= About this task =
Would you write out each line of the material below exactly, skipping every picture?

= The data =
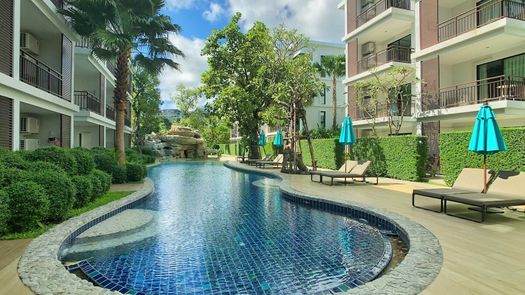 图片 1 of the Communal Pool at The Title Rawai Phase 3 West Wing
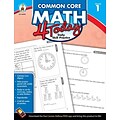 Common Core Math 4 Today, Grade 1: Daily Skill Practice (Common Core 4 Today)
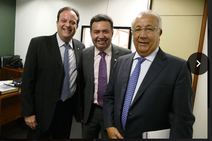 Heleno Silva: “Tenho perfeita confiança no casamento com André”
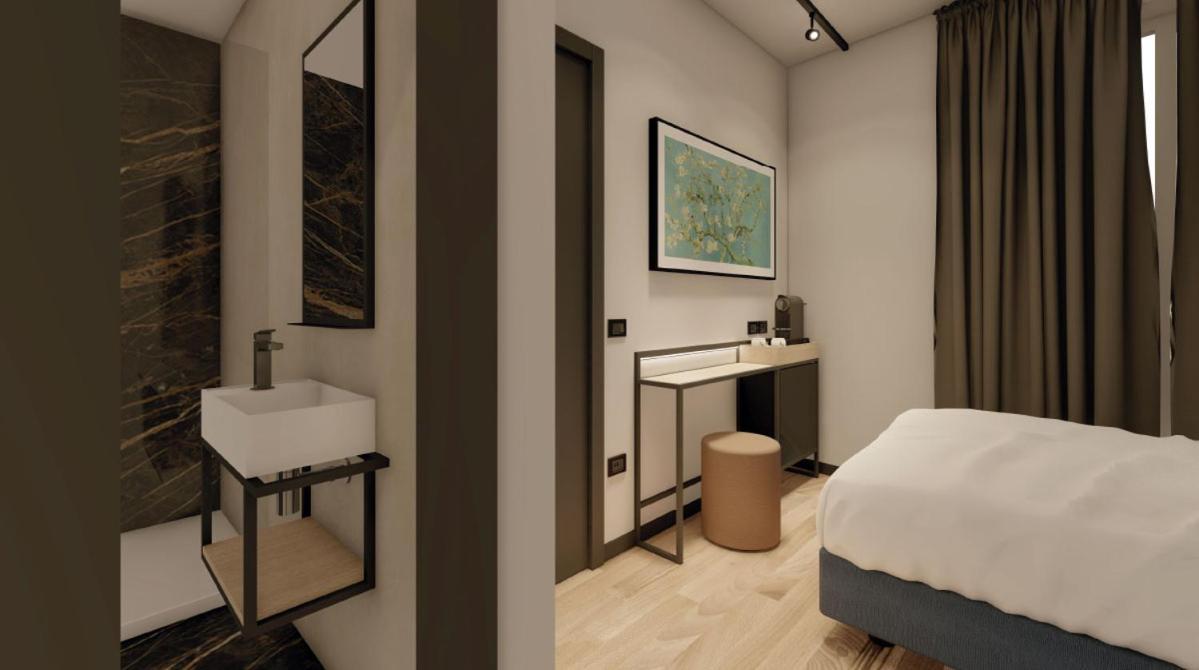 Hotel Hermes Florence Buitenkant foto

= Task response =
 图片 1 of the Communal Pool at The Title Rawai Phase 3 West Wing
 Common Core Math 4 Today, Grade 1: Daily Skill Practice (Common Core 4 Today)
 Heleno Silva: “Tenho perfeita confiança no casamento com André”
 Hotel Hermes Florence Buitenkant foto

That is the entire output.